On Tuesday, the White House released a statement announcing an unprecedented military aid package for Israel. The statement called the expenditure the "single largest pledge of military assistance to any country in US history."
The announcement came in response to a bipartisan letter by 83 US Senators to President Barack Obama urging him to address Israeli demands for more military assistance.
"In light of Israel’s dramatically rising defense challenges, we stand ready to support a substantially enhanced new long-term agreement to help provide Israel the resources it requires to defend itself and to preserve it qualitative military edge," the letter stated.
Senate pressure on the Obama administration to increase aid to Israel comes at a time when Democrats and Republicans are seeking support from the powerful Israeli lobby ahead of the November 2016 election. The measure was led by presidential candidate Ted Cruz (R-TX) who was joined by Senator Lindsey Graham (R-SC) and Senator Chris Coons (D-DE).
Presidential candidate Bernie Sanders (D-VT) refused to sign the measure to increase military appropriations to Israel, arguing that US arms have already been used to wage disproportionate attacks against Palestinian civilians.
Ahead of last Tuesday’s New York Democratic primary, Senator Sanders castigated Netanyahu’s regime for its apartheid-style tactics and the economic repression of its Arab neighbors.
The United States has provided Tel Aviv over $3.1 billion annually in military aid since 2007, already the highest amount of foreign military aid offered to any other country. Tel Aviv scoffed at this appropriation level as insufficient and has since demanded $4.5 billion in US military aid per year. The White House has aimed to meet their Israeli counterparts in the middle, offering $3.7 billion per year.

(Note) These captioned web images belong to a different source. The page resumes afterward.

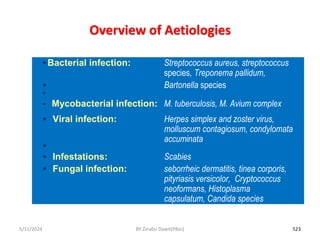 Overview of Aetiologies
5/11/2024 523
Bacterial infection: Streptococcus aureus, streptococcus
species, Treponema pallidum,
 Bartonella species

 Mycobacterial infection: M. tuberculosis, M. Avium complex
 Viral infection: Herpes simplex and zoster virus,
molluscum contagiosum, condylomata
accuminata

 Infestations: Scabies
 Fungal infection: seborrheic dermatitis, tinea corporis,
pityriasis versicolor, Cryptococcus
neoformans, Histoplasma
capsulatum, Candida species
BY Zinabu Dawit(PBsc)
 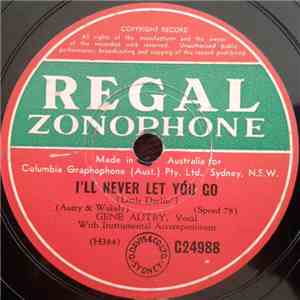 Gene Autry - I'll Never Let You Go / That Little Kid Sister Of Mine mp3 album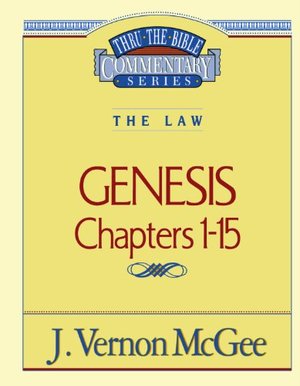 Genesis I (Thru the Bible) Genesis I (Thru the Bible)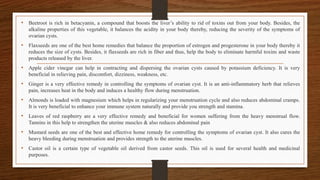 • Beetroot is rich in betacyanin, a compound that boosts the liver’s ability to rid of toxins out from your body. Besides, the
alkaline properties of this vegetable, it balances the acidity in your body thereby, reducing the severity of the symptoms of
ovarian cysts.
• Flaxseeds are one of the best home remedies that balance the proportion of estrogen and progesterone in your body thereby it
reduces the size of cysts. Besides, it flaxseeds are rich in fiber and thus, help the body to eliminate harmful toxins and waste
products released by the liver.
• Apple cider vinegar can help in contracting and dispersing the ovarian cysts caused by potassium deficiency. It is very
beneficial in relieving pain, discomfort, dizziness, weakness, etc.
• Ginger is a very effective remedy in controlling the symptoms of ovarian cyst. It is an anti-inflammatory herb that relieves
pain, increases heat in the body and induces a healthy flow during menstruation.
• Almonds is loaded with magnesium which helps in regularizing your menstruation cycle and also reduces abdominal cramps.
It is very beneficial to enhance your immune system naturally and provide you strength and stamina.
• Leaves of red raspberry are a very effective remedy and beneficial for women suffering from the heavy menstrual flow.
Tannins in this help to strengthen the uterine muscles & also reduces abdominal pain
• Mustard seeds are one of the best and effective home remedy for controlling the symptoms of ovarian cyst. It also cures the
heavy bleeding during menstruation and provides strength to the uterine muscles.
• Castor oil is a certain type of vegetable oil derived from castor seeds. This oil is used for several health and medicinal
purposes.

Israeli Prime Minister Benjamin Netanyahu seeks urgently to finalize the deal for $3.7 billion per year before the end of the Obama presidency, fearing that his successor would refuse to offer as substantial an aid package.
President Obama’s likely successor, former Secretary of State Hillary Clinton has signaled a willingness to increase appropriations to Israel and is widely regarded as a war hawk. By contrast, her likely opponent, Republican Donald Trump, has openly called for a reduction in US military aid to Israel and NATO.
Since 1962, US military assistance to Israel has amounted to $124.3 billion making Tel Aviv the single largest cumulative recipient of US foreign assistance since World War II, followed by Saudi Arabia.